• [TASK TO COMPLETE] Nothing but the lines from the one containing "Beagle-Aufkleber Runder Aufkleber" to the end of the data should be copied, exactly, and the pictures stay out.

════

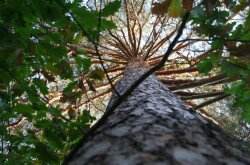 Ur-Kiefer in Fenyőfő, von unten gesehen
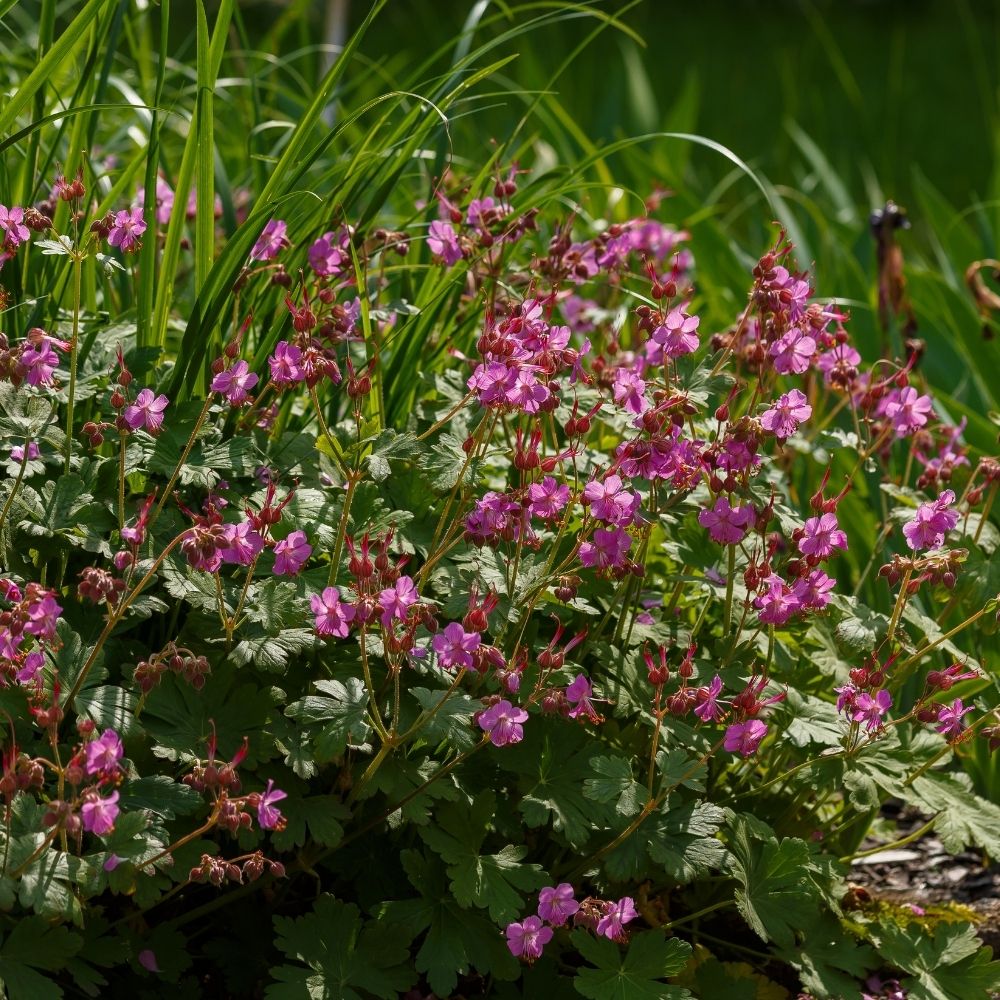 Geranio perenne o Geranium cantabrigiense Crystal Rose main product photo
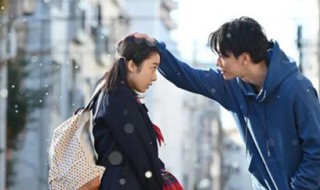 将恋爱进行到底多少集 你都了解多少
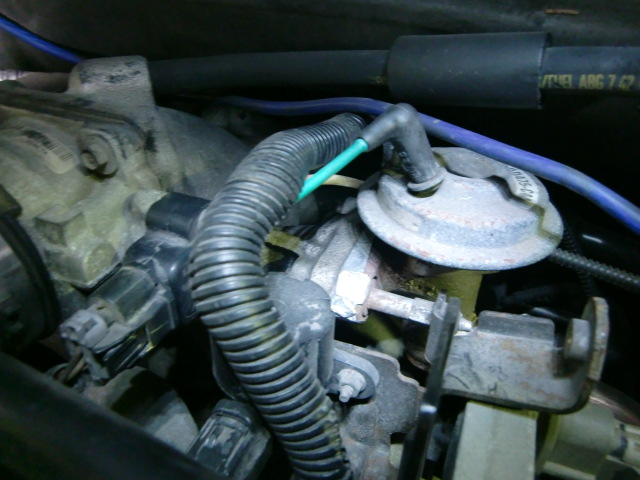 c0118011_21424470.jpg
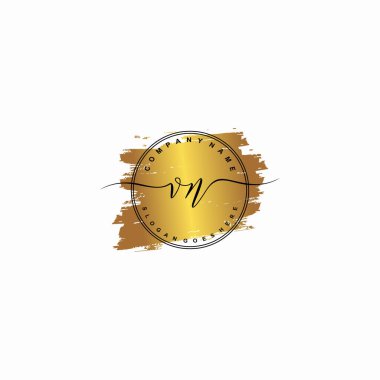 İlk harf VN güzellik el yazısı logo vektörü
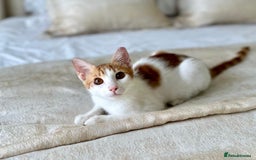 Arabian Mau cats for adoption: Male Kitten for Indoors Only Adoption - Image 2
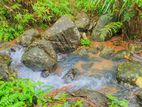 Land for sale in gonagaldeniya / SA 13750
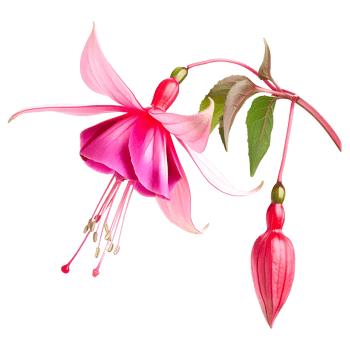 AI generated 3D Rendering of a Nicona Macartney or Fuchsia Flower on Transparent Background - Ai Generated png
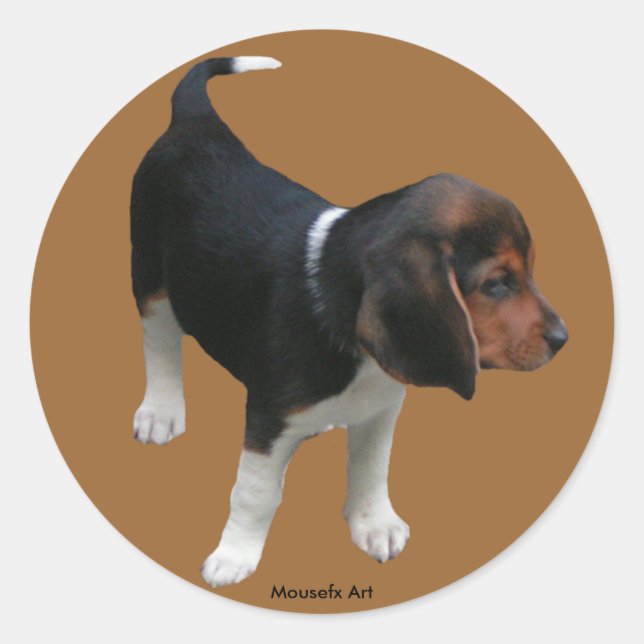 Beagle-Aufkleber Runder Aufkleber (Vorderseite)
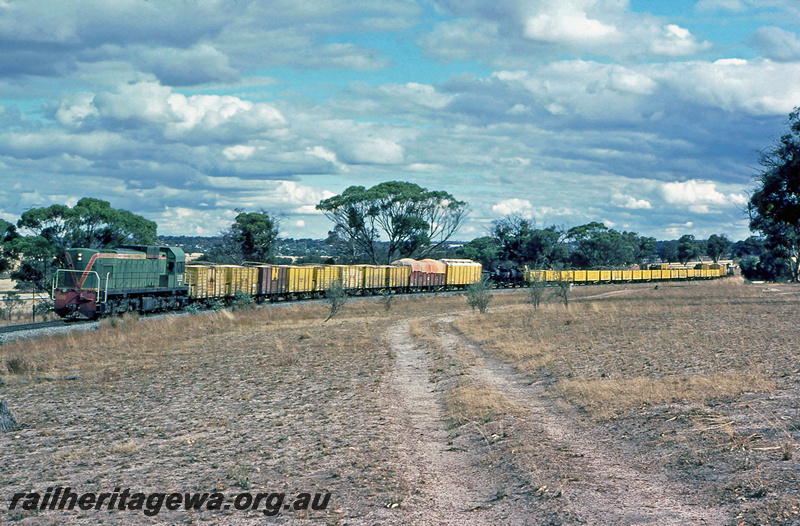 P24092
A class 1510, on goods train, climbing Cuballing bank, near Narrogin, GSR line, front and side view
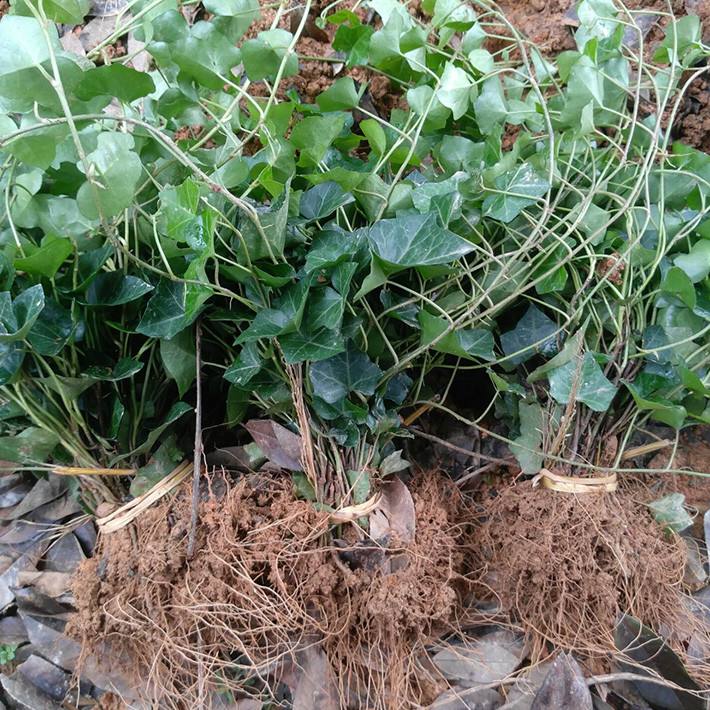 园林绿花苗庭院植物常春藤花苗爬藤植物花卉常青藤苗四季常青耐寒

════

• [SOLUTION FOR THIS PROBLEM]
 Beagle-Aufkleber Runder Aufkleber (Vorderseite)
 P24092
A class 1510, on goods train, climbing Cuballing bank, near Narrogin, GSR line, front and side view
 园林绿花苗庭院植物常春藤花苗爬藤植物花卉常青藤苗四季常青耐寒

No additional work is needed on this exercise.